11. What are program-related investments (PRIs)?

Program-related investments are those in which:

  • The primary purpose is to accomplish one or more of the foundation’s exempt purposes,
  • Production of income or appreciation of property is not a significant purpose, and
  • Influencing legislation or taking part in political campaigns on behalf of candidates is not a purpose.

Because a grantmaker can recover the funds used on a PRI, it has the opportunity to use those funds over and over again (if the investment is not lost). And a PRI may count as part of a private foundation’s qualified distributions to meet its minimum distribution requirement and doesn’t count as part of the assets included in determining such minimum distribution requirement.

PRIs commonly take on the form of a loan or a loan guaranty to a charity or to another type of entity with a charitable venture. And in some cases, a PRI may be in the form of an equity investment.

12. What are mission-related investments (MRIs)?

As far as I’m aware, the term mission-related investment (MRI) is not defined by applicable tax or charitable trust laws. Colloquially, an MRI may refer to an investment which is motivated in part by its impact in advancing the investor’s social mission and in part by its income generation or appreciation potential. Many think of MRIs only in the context of investments that will produce a market rate of return. But MRIs may also include investments that forgo market rate returns because of their potential for social impact.

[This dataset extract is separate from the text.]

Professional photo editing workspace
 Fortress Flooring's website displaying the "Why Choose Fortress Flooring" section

Because such description might also describe PRIs, private foundations typically speak of MRIs as investments that would not otherwise qualify as PRIs, perhaps because the production of income or appreciation potential is a significant purpose for the investment, even if it may be below market rate. The IRS, in Notice 2015-62, recognized that an MRI (though not identified by that term) could also be an exception to a jeopardizing investment and therefore permitted for a private foundation.

13. What is a set-aside?

A private foundation may meet its minimum distribution requirement in part through a set-aside, an amount that is set aside for accumulation and payment in the future. A set-aside may be treated as a qualifying distribution in the year set aside if at the time of the set-aside the foundation establishes to the satisfaction of the IRS that:

  • The amount will actually be paid for the specific project within 60 months from the date of the first set-aside, and
  • The set-aside satisfies the suitability test, that is, that the project is one that can be better accomplished by a set-aside than by immediate payment, or the foundation satisfies the cash distribution test.

To qualify under the suitability test, a set-aside must be approved by the IRS through a private letter ruling.

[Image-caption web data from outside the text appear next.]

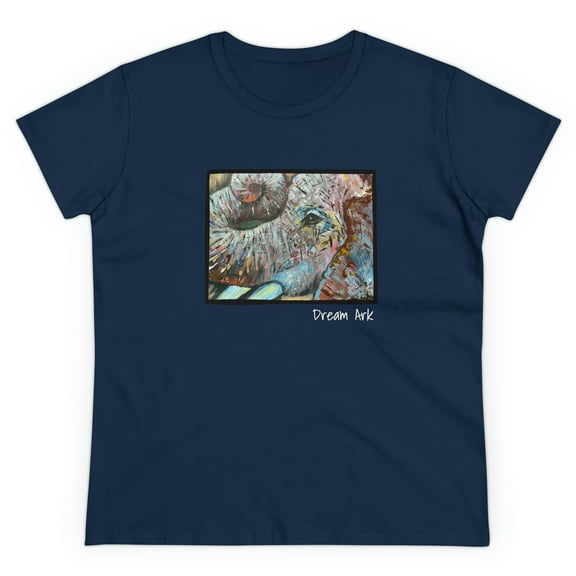 Women's Cotton T-Shirt with Elephant Design, Original Artwork.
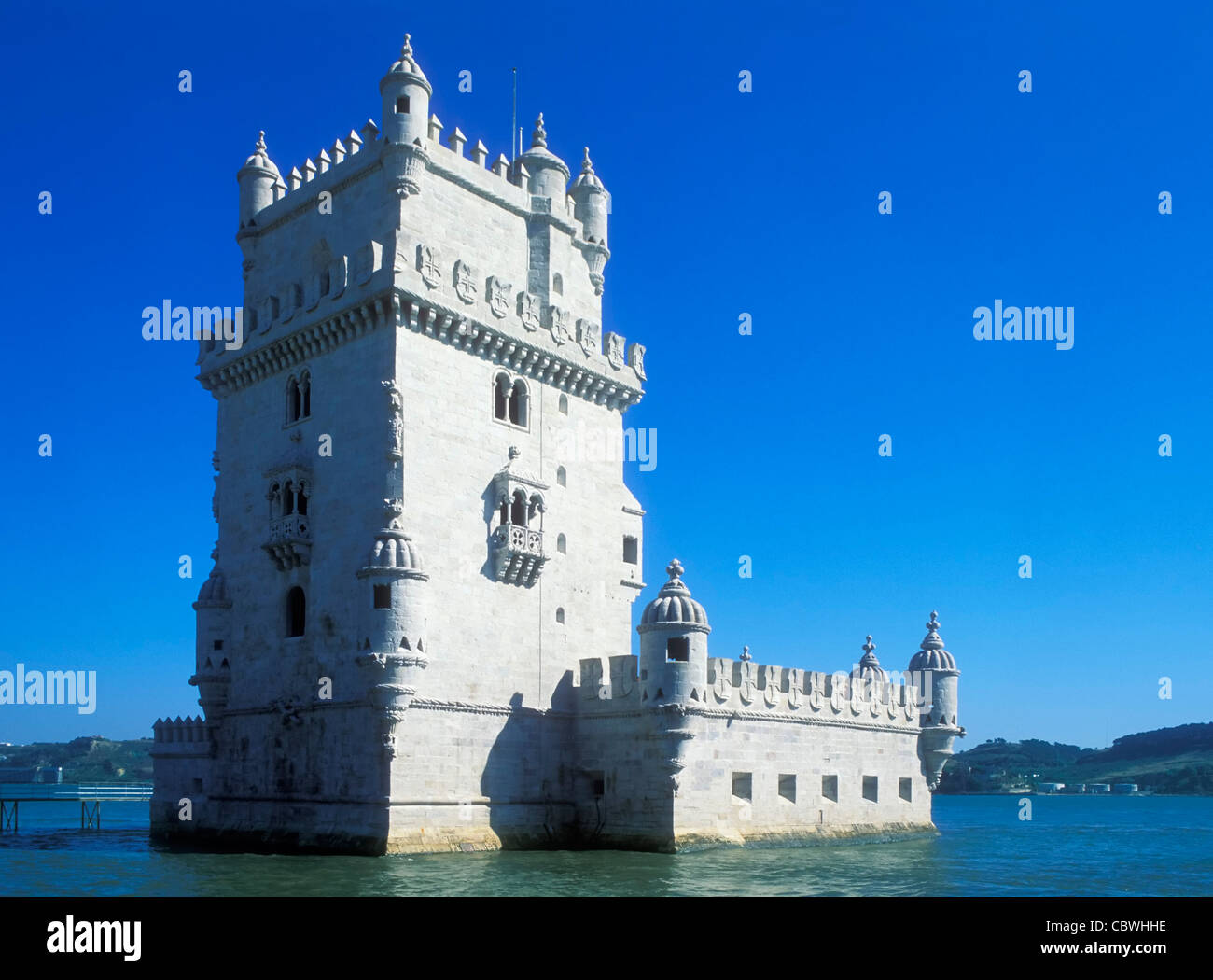 Der maurische Torre de Belém oder Belem Turm ist ein potenter nationales Symbol Portugals und ein UNESCO-Welterbe EU Europa Stockfoto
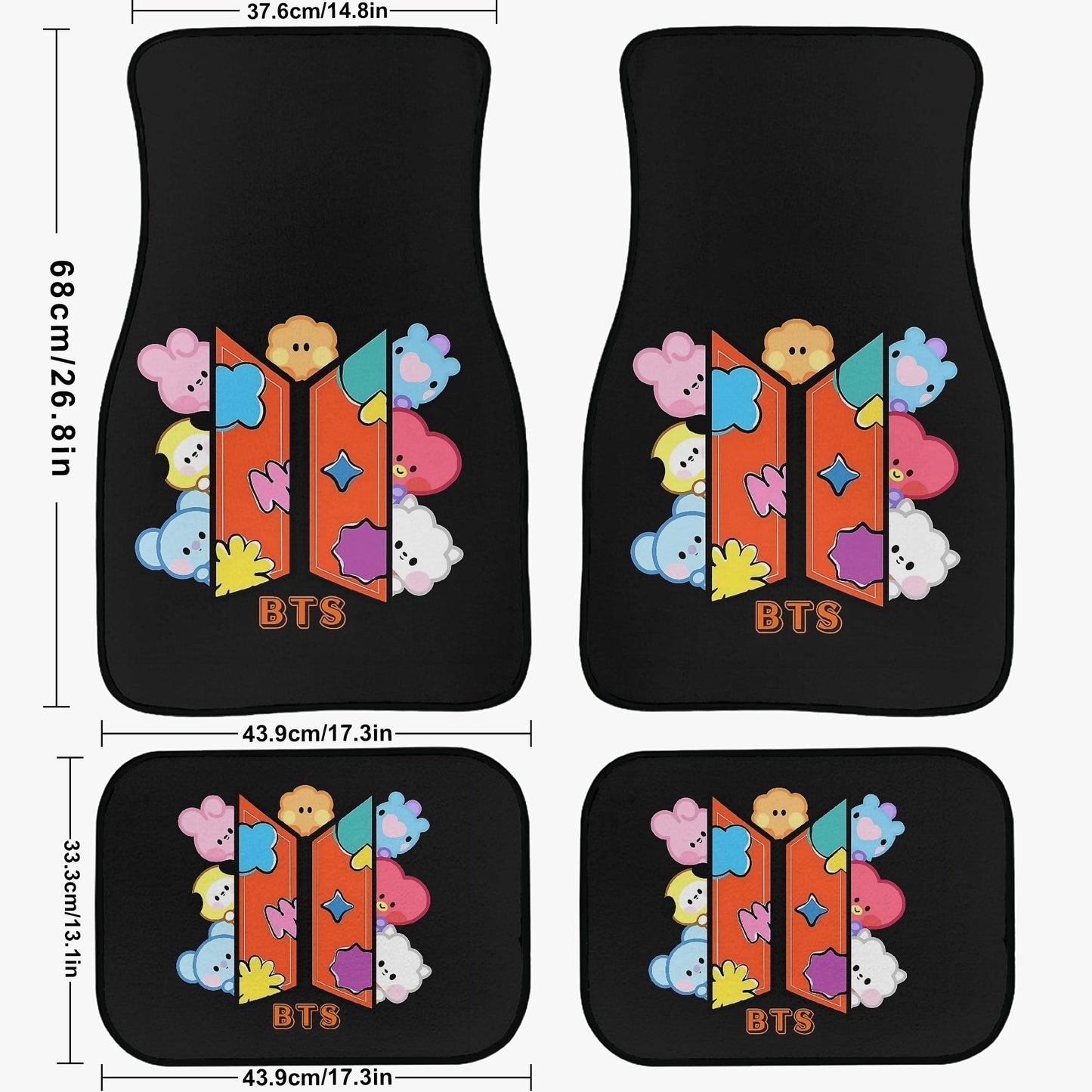 BTS BT21 Logo Car Mats - Set of 4 (2 front & 2 back) - BTS Car Accessories - Bangtan Car mats - Kpop car mats - Beyond The Shoppe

14. How can a grantmaker diversify its board?

A grantmaker may have a goal of diversifying its board composition with a focus on race, gender, age, or other characteristic. But for many grantmakers, this may not be a high priority. They may instead focus on family or company affiliations, specific skills, networks, and the capacity and willingness to make substantial contributions to the organization.

Current board members may of course be diligent about diversifying their board with respect to the desired characteristics, and this is likely the most common way boards become more diverse. However, organizations can also create governance provisions to better assure diversity. Such provisions may be controversial with several pros and cons. For example, a required quota might succeed in achieving greater diversity but might not address other issues, including those relating to inclusion and belonging.

Other provisions might require a buildout over time. For example, relationships can be created with other organizations that might serve as a resource for potential future board members. Such other organizations might later be given the authority to appoint one or more board members of the grantmaker organization on an ongoing basis.

Committees composed of employees, board members, and others might also be given director-appointment authority. Or, if a board is more cautious about delegating such powers, it can allow for a diversely composed nominations committee to provide a list of nominees from which the board will select.